Sinto de novo a cólera crescer em mim, desta vez surda, triste e impotente, contra o destino, contra mim próprio, contra este mundo egoísta. Os pequenos sofrimentos de cada dia deixam indiferente esta gente a um tempo simpática, brutal e singular. E eu sou tal qual assim… «É a nossa hora!», penso com cinismo, para me consolar. «Que fariam aos mais estes que sofrem, se pudessem também fazer sofrer!»
O velho decididamente oscila, procura firmar-se nas pernas frouxas, trôpegas, cambadas. A perna esquerda, esta minha perna esquerda que fraqueja! Adivinho-lhe a dor física, agravada pela consciência da velhice condenada, inútil, que a vida explora e calca. Crispo as mãos de raiva. Eu sou culpado! Somos todos culpados daquele sofrimento, daqueles farrapos, daque1a perna frouxa, daquele destino, da vala comum que um dia…
Dois homens detêm-se (enfim!) a olhá-lo, e os seus olhares fazem coro com os meus. Ficamos os três a distância, a avaliar o peso daquela desgraça, no meio da rua atroadora, num protesto inerte e por enquanto mudo. Qual de nós é que ousaria… Até que um diz: «Ladrões! Quem carrega assim um velho merecia que lhe dessem um tiro!» (Não sei qual deles falou.) Mas alguém sabe, porventura, o que significa esta cólera cega, inútil e cruel? Eles pararam e olharam. Eu parei e olhei. O velho recompôs-se não sei como. «Irá ele com uma pinga a mais?», diz um deles. Encolhem os ombros e afastam-se os dois a rir.

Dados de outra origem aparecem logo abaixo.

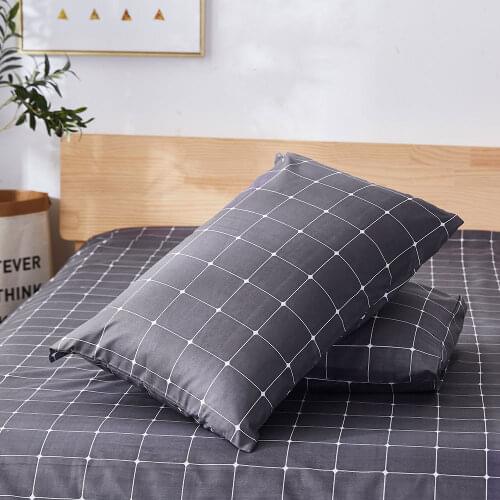 Polyester pillowcase printed pillow case bedding grey pillow cover envelope custom pillow case cover 48*74cm 1piece dropshipping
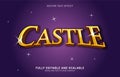 Editable text effect, Castle style Royalty Free Stock Photo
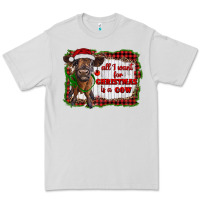 Dove Grey all i want for christmas is a cow highland calf Premium Tee - RanaPortraitStore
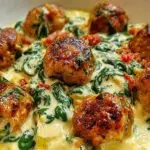 Baked Chicken Ricotta Meatballs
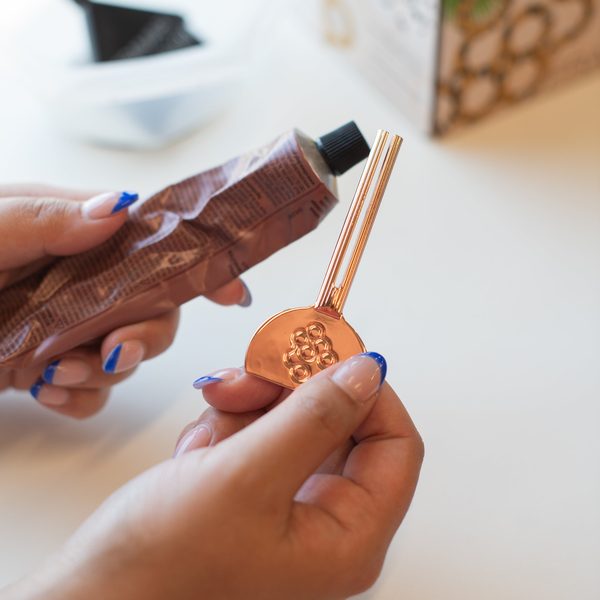Natočená tuba na vytlačovači Rose Gold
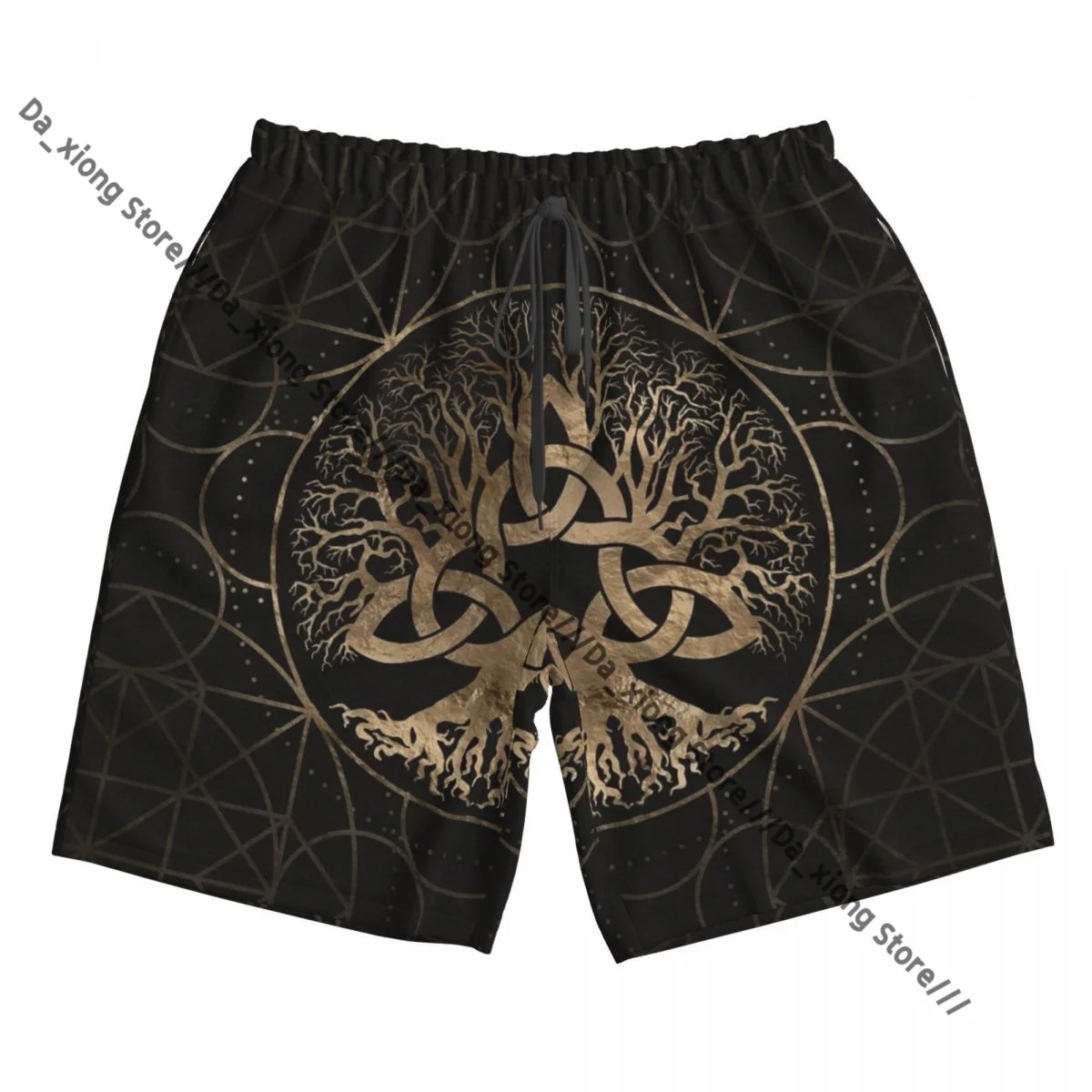 Men Beach Short Quick-drying Swimming Trunk Yggdrasil The World Tree Swimwear Swimsuit Bathing Shorts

A minha raiva, depois do escape das palavras anónimas, sumiu-se. E como o velho já se perde no burburinho, sinto uma secreta advertência de que aquilo é um caso passado em julgado. Respiro aliviado, liberto do momentâneo pesadelo da responsabilidade, e afasto-me também, tão insensível ou prudente como os outros. São horas de me ir chegando à janta. No meu fundo há talvez uma certa alegria, que me vem de experimentar a piedade: a alegria de me sentir bom, de compreender a dor, de simpatizar, de me revoltar (em palavras ou pensamentos só) contra a injustiça… Parece que acabo eu de cumprir o meu dever!
Casos destes, todos nós os podemos contar. De que serve flagelar-me com o remorso do meu egoísmo, irmão de tantos outros? Julgamos cumprir o nosso sagrado dever, não é assim, só porque experimentamos a piedade que humilha, a cólera que cega. Mas os nossos braços caem inúteis, e as nossas mãos andam atadas às luvas, à bengala, aos embrulhinhos…
Sou um burguês, um burguês incorrigível!